• yaşam boyunca edinilen deneyimler* sebebiyle sevme yetisini yitirme sendromu. tedavisi mümkündür.
  • ağızda sakız misal "seni seviyorum" demelerle ödünlenemeyen, çağcıl hastalık. siz siz olun birey olmakla bencil olmayı karıştırmayın canlar.
  • kanım çekildi!
    ben kelimelerimi sıraladım
    susamadım giderken,gözlerim anlattı durdu
    sevgisizliği gördüm ben,hainliği
    akşamları duvarlarda gördüm sevgisizliği
    öğrenemedim,öğretemedim
    ne işe yaradım bilemedim
    sonu zafer olmadı inandıklarımın
    artık inanmıyorum mutlu olabilmek için.
    aynada artık o eski yüz yok
    kimlik yitirilmiş,kenarlarda hafif ve derin
    küf desem değil,toz desem oda değil
    örümcek ağı bile tutmamış
    göz kapaklarım yorgun,çaresiz yanarken
    ben yitip gidiyorum evime
    her dönüş parça bırakıyor alemlerde
    parmaklar kırık,gözler utanç dolu
    hristiyan yaşıyorum alemleri
    namuzsuz,kabinesiz...
    destanlardan çıkıyorum,beynimi satıyorum
    veda ediyorum hayallere
    alemlere gidiyorum,kanım boğarken beni
    yaşamak ne kadar anlamlı bilmiyorum.
    kaleler yıkılıyor,ben tamir edemiyorum
    alkol sınırına dayanamadan kopuyorum
    görünmez kelepçelerim günümü daha başlamadan bitiriyor
    artık yürümez bu ayaklar,gülmez bu gözler
    kaçamam da,kalamam da
    öyle boş birşey işte!
  • efendim çetin altan 1985 tarihli umacılar şöleni yazısında üç kavramı ele almış ve "en yıkıcı" hangisi yarışması yapmıştır. bu üç* kavram; parasızlık, sevgisizlik ve itibarsızlıktır. ilgili maddeleri yerlerine dağıtıp en yıkıcı olanı okuyucuların tercihine bırakıyorum.*

    ve alıntı:

    "sevgisizlik dedi ki:

    - en yıkıcı olan benim. buz çölleri içindeki dondurucu yalnızlıkla ezerim insanları. benim çöreklendiğim yerlerde, evler soğuk, odalar soğuk, yataklar soğuk, sabahlar soğuk, akşamlar soğuktur. kimsesizlikle yalnızlığın dipsiz kuyularında, küçük bir şefkat ışığı bekleyerek kırpışıp duran gözler, aradıklarını hiçbir zaman bulamadan, benim geçit vermeyen karanlıklarım içinde sönüp giderler.
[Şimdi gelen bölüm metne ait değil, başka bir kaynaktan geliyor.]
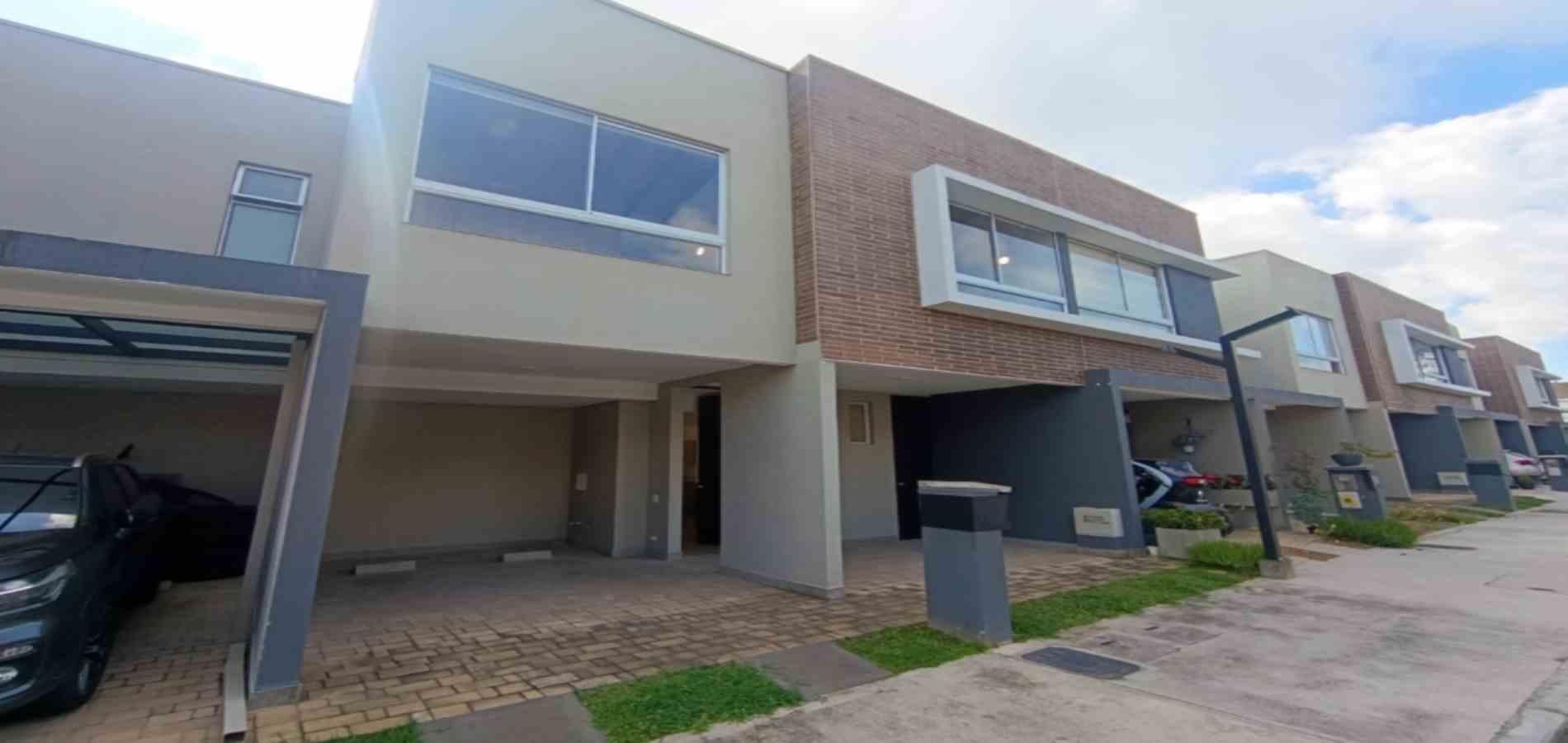 Casa en arriendo Antioquia La Ceja La Ceja 137 m2 Habitaciones 3 Baños 4 Garajes 1 Precio $4300000
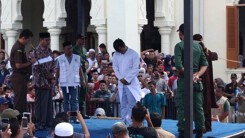 Indonesia: Đôi đồng tính nam bị đánh 87 roi trước sự đồng tình của đám đông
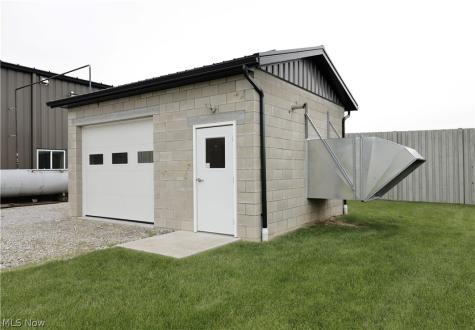 7907 Nonpariel Road Fredericksburg OH 44627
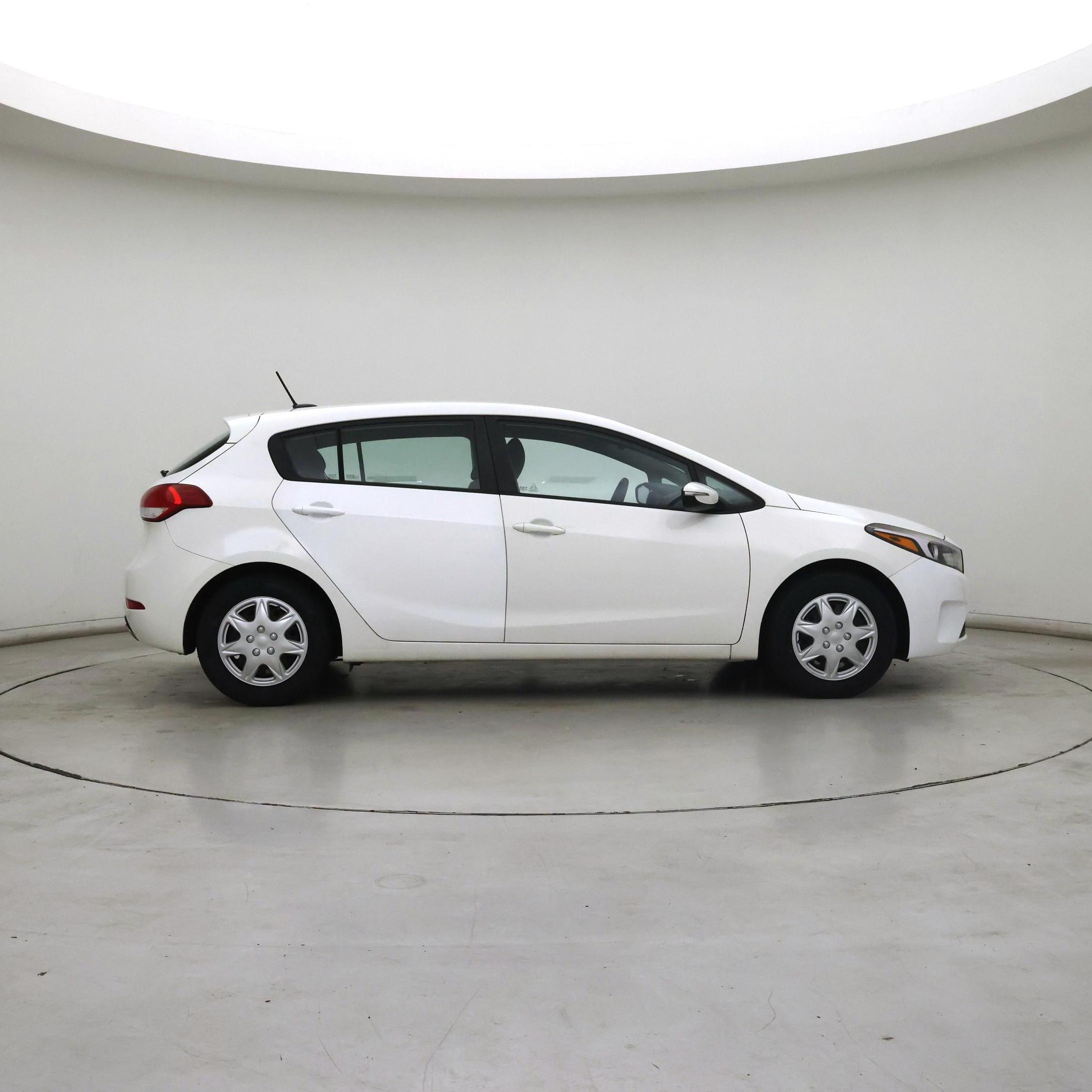 Thumbnail: 2017 Kia Forte - 7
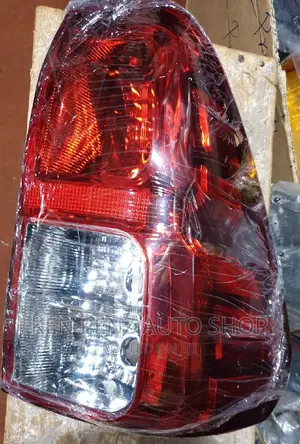 Tail Lamps Hillux Revo( Amanda)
    en yıkıcı olan benim. sevgi dışı bıraktıklarımı, sevişenlerin başbaşalığındaki mutluluk silüetleriyle hançerlerim. ağırlığım öyle bir çöker ki, yalnızlarla kimsesizlerin bağrına, nereye giderlerse gitsinler, ne gecelerinde, ne de güznüdzlerinde benden kurtulamazlar. ne meyhaneler yeter benden kurtulmaya, ne yabancı otellerin barları, ne gemi kamaraları, ne uçak koltukları...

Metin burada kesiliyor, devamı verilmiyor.